Ameera's debut novel explores how class is replacing race as the boundaries in South Africa, although there’s still racial stereotyping going on, especially from older people. The novel has as diverse a collection of characters as one could hope: a white father and daughter who live in a modest suburban house, their domestic, Flora, who also lives in the house. A Zimbabwean, Runyararo, who is in the country illegally and whose situation forces him “outside the lines”, and Farhana who comes from a strict Muslim family, but whose boyfriend (Flora's son) is a black drug dealer. This heady mixture meshes to a tense, literary thriller.

April: The Dark Flood by Deon Meyer

The backstory for this book is based loosely on a true story of a company collapse in prosperous Stellenbosch in the Cape wine country and the resulting impact on the local property market. The modern corruption and people sailing far too close to the wind, makes a great story.

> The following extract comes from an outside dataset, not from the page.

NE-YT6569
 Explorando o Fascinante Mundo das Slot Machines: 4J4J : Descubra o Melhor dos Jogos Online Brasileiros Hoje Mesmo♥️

May: Serpent Crescent by Vivian de Klerk

For something completely different, Vivian gives us a protagonist who is a sociopath – now an elderly woman living alone in a house in Serpent Crescent in a town based on a university city in the Eastern Cape - who tells us the story of her life. Part of the attraction of the book is the in-depth look at how such a personality develops, and learns to protect itself, but there are many twists and turns along the way.


 June: Hammerman by Mike Nicol

One evening in February 1986, a man assassinated the Swedish prime minister, Olaf Palme, shooting him outside a cinema. No one has ever been convicted of the crime, and at the time there were rumours that South Africa was involved because of Palme’s outspoken opposition to apartheid and his pro-sanctions stance. Mike has taken that idea, and explored how the ripples from that event might spread to the present day. This one is solidly rooted in the legacy of Apartheid.

July: The Milk Tart Murders by Sally Andrew

The Milk Tart Murders is Sally’s fourth mystery featuring the delightful Tannie Maria. Set in Ladismith in the Klein Karoo, Maria works for the Klein Karoo Gazette writing a love advice and recipe column. She lives outside town with her hens and her flowers, and is a superb cook. As usual, the book is dotted with delicious recipes, a selection of which are given in detail at the end of the book. If you haven’t met Tannie Maria before, you should do so, and you should try out some of those recipes. The first book is now a prime time TV series. I just can’t work out why Tannie Maria becomes Scottish for the role...

September: A Deadly Covenant by Michael Stanley

In the new Kubu novel we return to the Bushman theme of Death of the Mantis. In this second Kubu prequel, a long-past Bushman massacre is discovered, and Kubu has to discover why that event is generating murders in the present. Kwei very kindly not only read and gave us a quote for the book, but also took the interviewer’s seat for Africa Scene, and threw some great questions our way.

The book is now out as an ebook worldwide.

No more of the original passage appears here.